Тургеневский герой как Базаров, как новый человек и нигилист, презирает дуэль, атрибут старой дворянской жизни. Но как Евгений он не может в ней не участвовать. Если ланцет — это атрибут Базарова, то дуэльный пистолет — это атрибут Евгения. Столкновение Базарова с Кирсановым обычно трактуют в этом социально-психологическом, базаровском измерении. Но здесь есть и другое измерение в плане определенной литературной преемственности героев в новых исторических обстоятельствах. Решающим толчком к вызову на дуэль оказываются все-таки не идейные споры, а подсмотренный Кирсановым поцелуй Базарова и Фенечки, к которой Павел Петрович явно неравнодушен. После дуэли, которая несколько пародийно напоминает о дуэли Онегина с Ленским, раненый Кирсанов говорит своему сопернику: «Вы поступили благородно… сегодня, сегодня — заметьте». То есть он признает, утверждает здесь не плебейскую фамилию, а вместе с ней и плебейскую сущность Базарова, а его дворянское и, если угодно, литературное имя и свойственное этому имени поведение. Соперник Кирсанова может быть не только Базаровым, но и Евгением.

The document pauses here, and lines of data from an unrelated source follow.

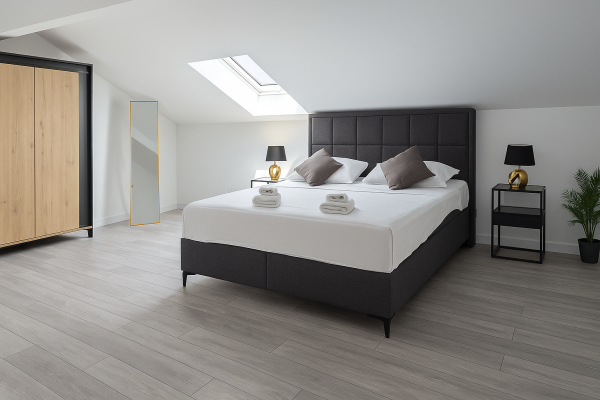 bedroom0577D0242-DA19-89A0-2AC2-8A3EDC1C70E5.png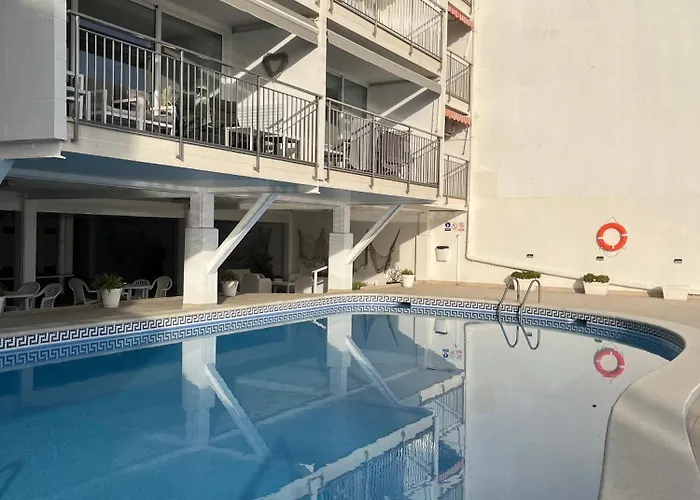 Beachfront 3-bedroom Appartement Calafell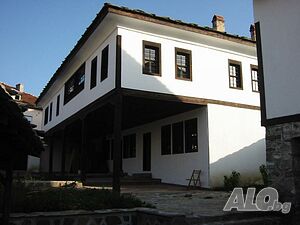 Две къщи, гр. Батак Двухэтажный 468 кв.м РЗП 480 кв.м двор | Дома/Дачи | Батак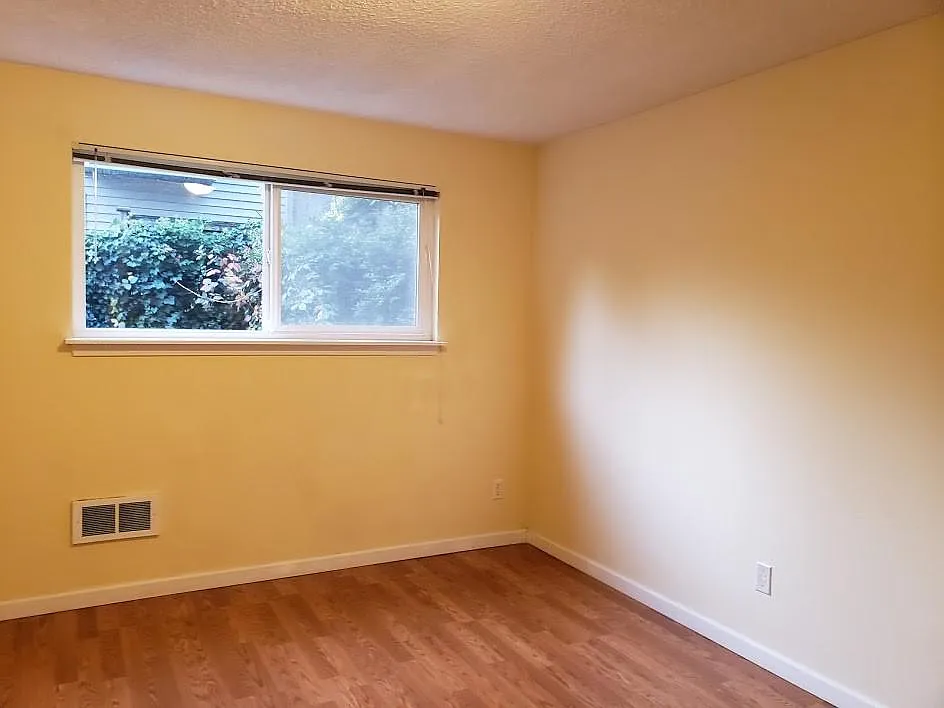 2 bed, 1042 sqft, $3,000 — Photo 3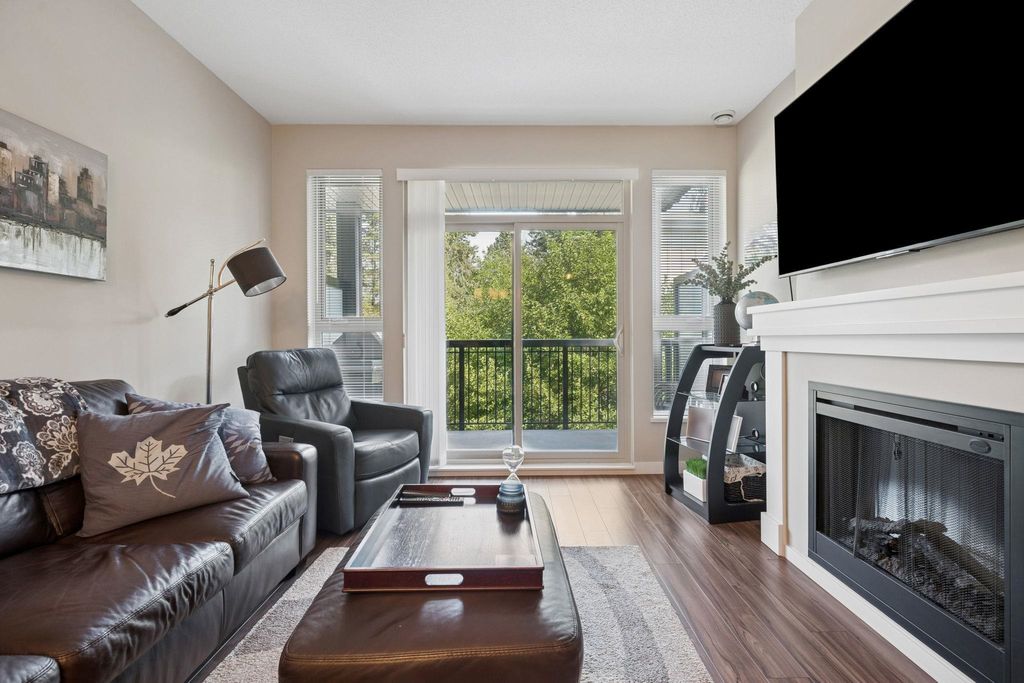 listing image 1101908327786289636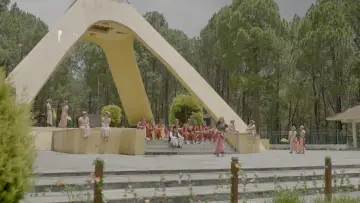 Backdrop to the movie "Sutukai Aijanu Maya Gaijamla Relaima Chadera" #1636059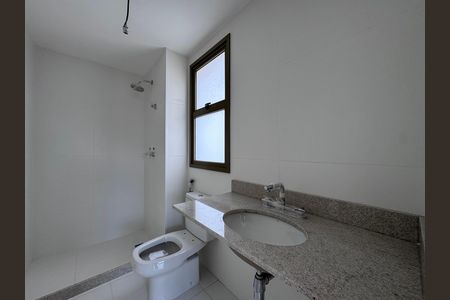 Apartamento à venda com 120m², 3 quartos e 2 vagas Apartamento à venda com 120m², 3 quartos e 2 vagasSuíte - Banheiro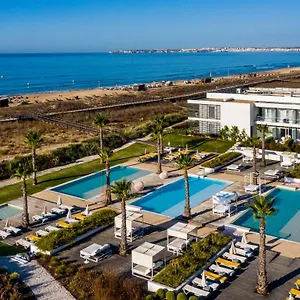 4* Отель Pestana South Premium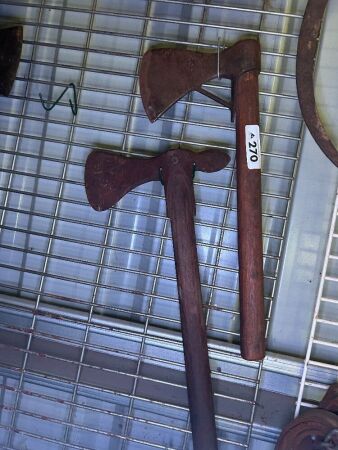 2x throwing axes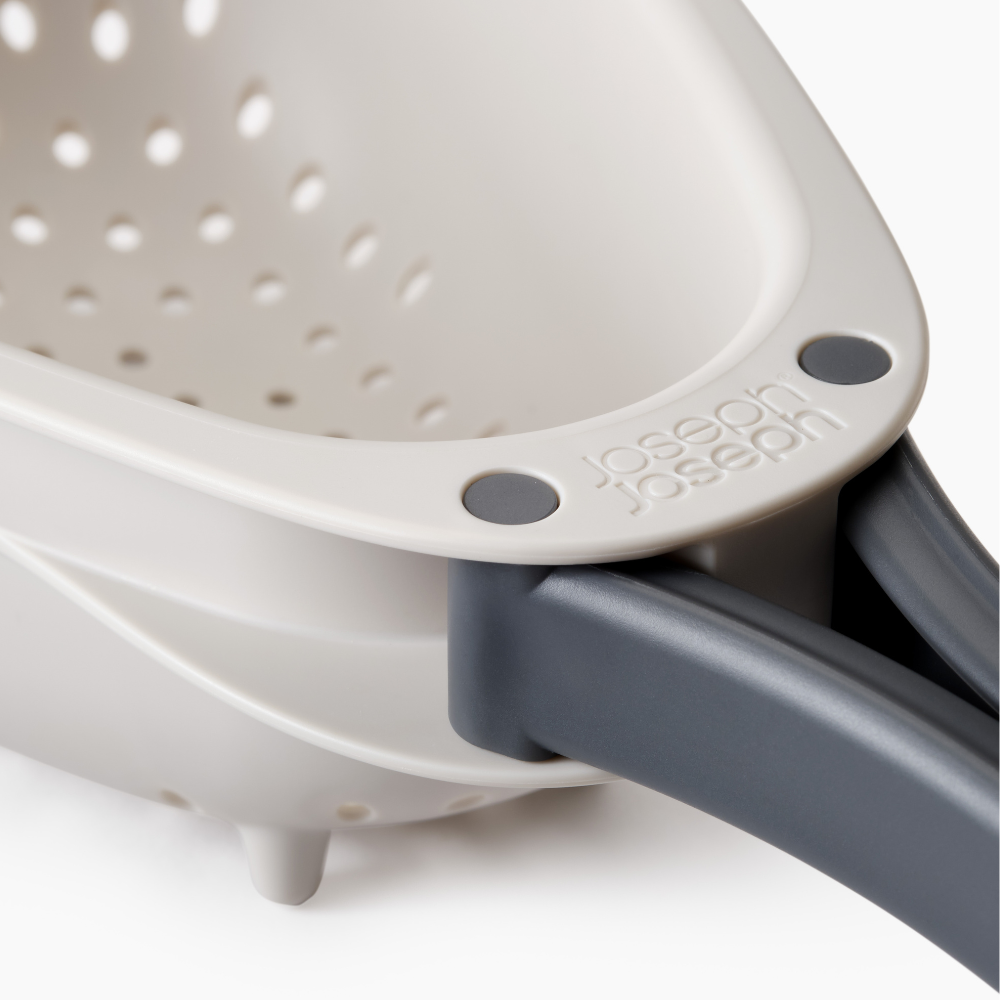 Joseph Joseph Compact Colander (6)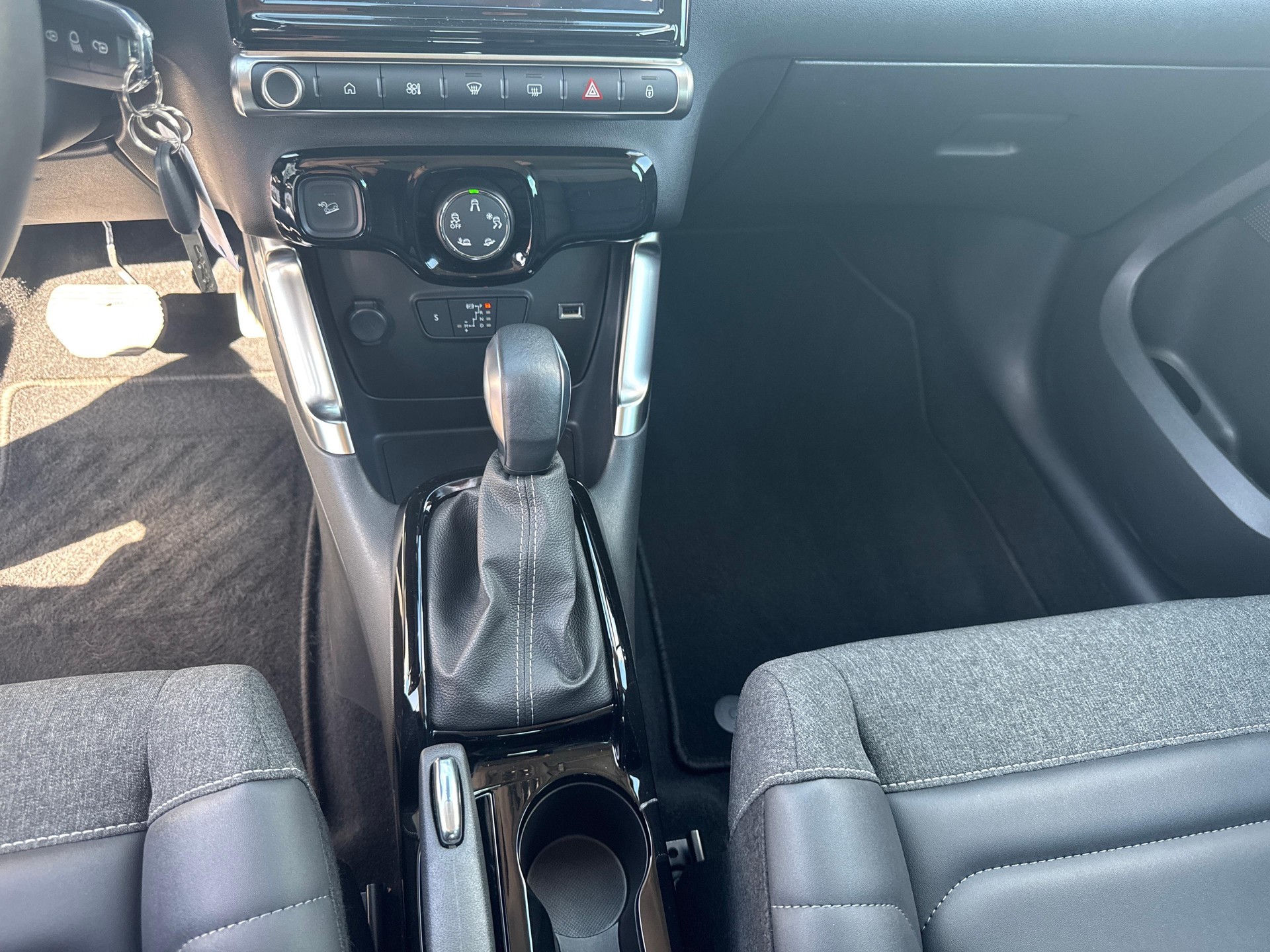 CITROEN C3 Aircross 1.2 PureTech 130 Shine-image-16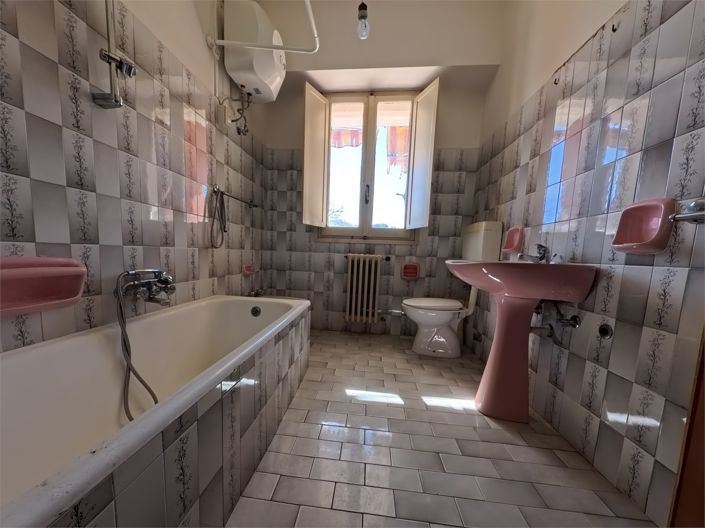 Image No.15-3 Bed House for sale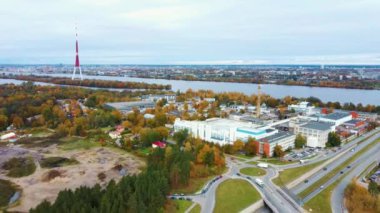 Letonya, Riga 'da sonbahar manzarası. Owerdaugava 'dan görüntü, Dienvidu Köprüsü, Güney Köprüsü. Arka plandaki Daugava Nehri ve Televizyon Kulesi. Hava Dron Atışı. Panoramik Görünüm ve Riga Şehri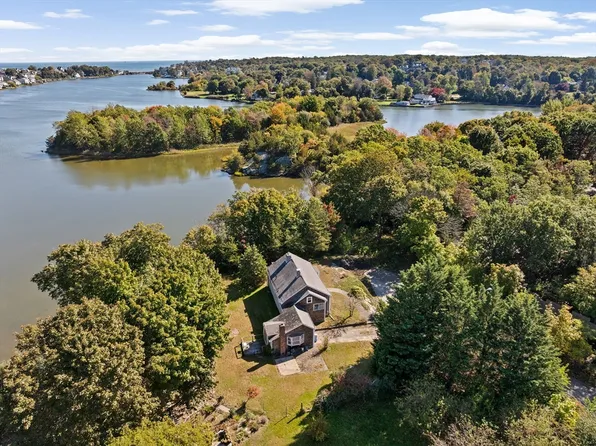 37 Richards Rd, Hull, MA 02045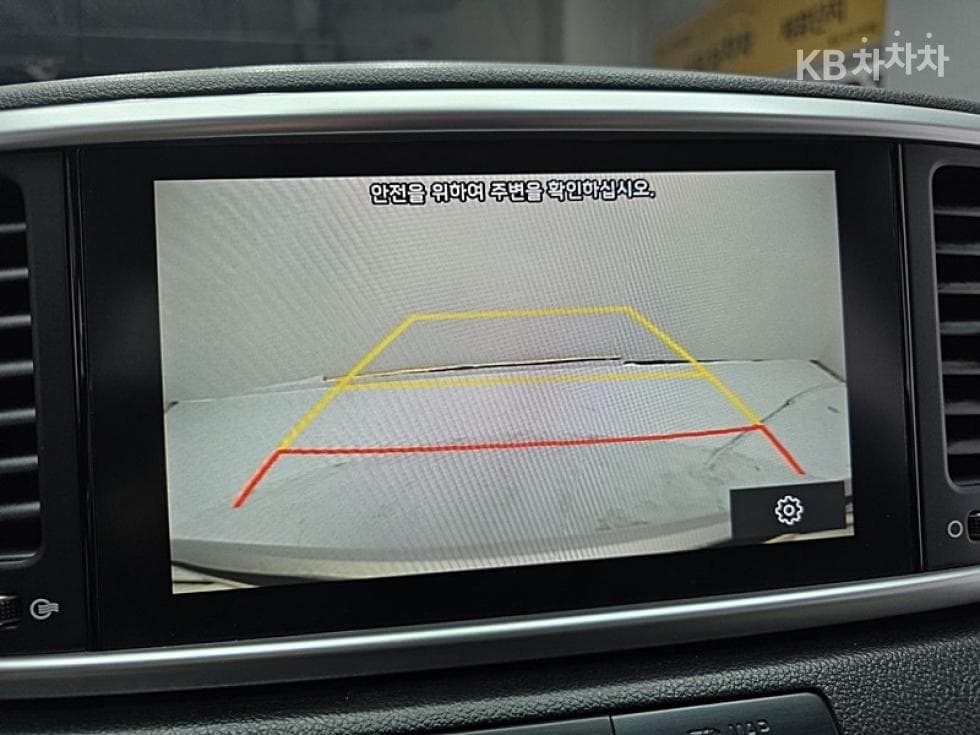 Kia Sportage 더 볼드2.0 Diesel 2WD Prestige - 9
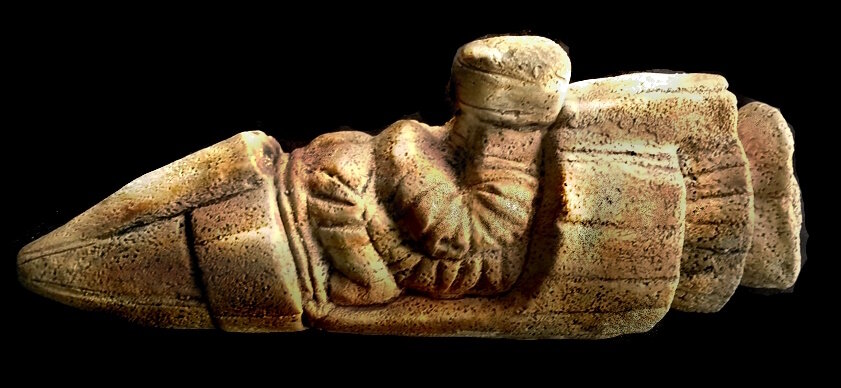 Статуэтка из Тушпы.
Источник фото: https://www.webtekno.com/images/editor/default/0001/79/b1563f1ff3c98e01aaab30021ae63b97f1e47d66.jpeg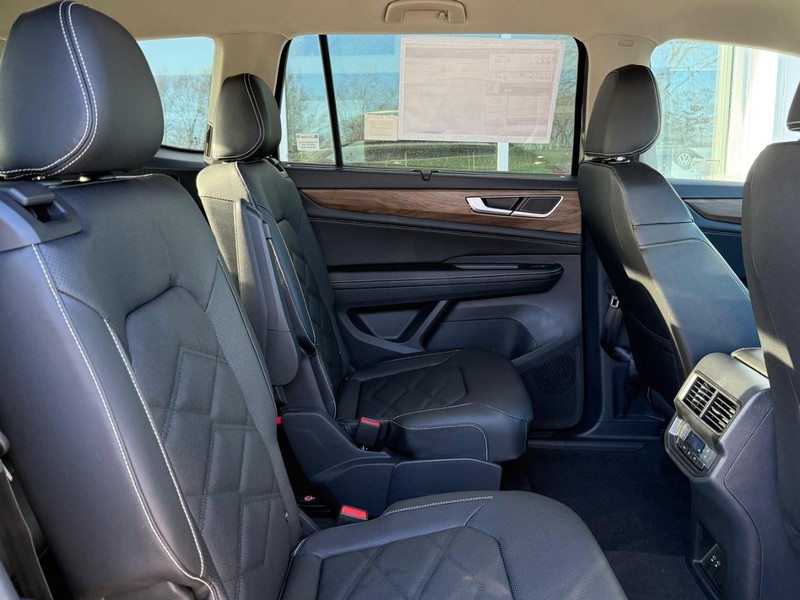 Volkswagen Atlas Vehicle Full-screen Gallery Image 6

Отношения Базарова и Одинцовой можно прочитать и как тургеневскую вариацию отношений Онегина и Татьяны в новых исторических, социально-психологических условиях середины века. Некоторые исследователи сравнивали Одинцову с пушкинской Татьяной, но это наблюдение оказывалось беглым, случайным и не приводило к естественной параллели Онегин — Татьяна — Базаров — Одинцова, которая нам представляется очевидной (см.: Лебедев Ю. В. Художественный мир романа И. С. Тургенева «Отцы и дети». М., 2002. С. 235).

Если взять аспект социально-исторического происхождения, то герой Тургенева — Базаров только по отцу-плебею, а по матери-дворянке, дочери суворовского секунд-майора, он — благородный Евгений. Сложность и противоречивость проявилась и в происхождении героя. К. Леонтьев в своей книге «Византизм и славянство» называет Базарова «бедным дворянином» (см.: Леонтьев К. Избранное. М., 1993. С. 58). Хотя формально он все-таки не дворянин. Как известно из «Жалованной грамоты дворянству» (1785), дворянка (мать Базарова), выйдя замуж за недворянина, не теряла своего звания, но и не сообщала его ни своему мужу, ни детям.

Новые социально-исторические условия сделали возможными и отношения Евгения Базарова и Павла Кирсанова, то есть собственно сам роман Тургенева. Ведь еще поколение назад такие отношения были бы вряд ли возможны. Вряд ли бы отец Кирсанова, командир дивизии (видимо, генерал) встречался бы за столом своего дома с лекарем (отцом Базарова), своим подчиненным небольшого чина и недворянского происхождения. Тем более трудно себе представить дуэль между этими людьми. Но между детьми этих отцов (ср. заглавие романа) это уже стало возможным. Этой диалектикой литературно-традиционного и исторически-изменчивого роман Тургенева и интересен.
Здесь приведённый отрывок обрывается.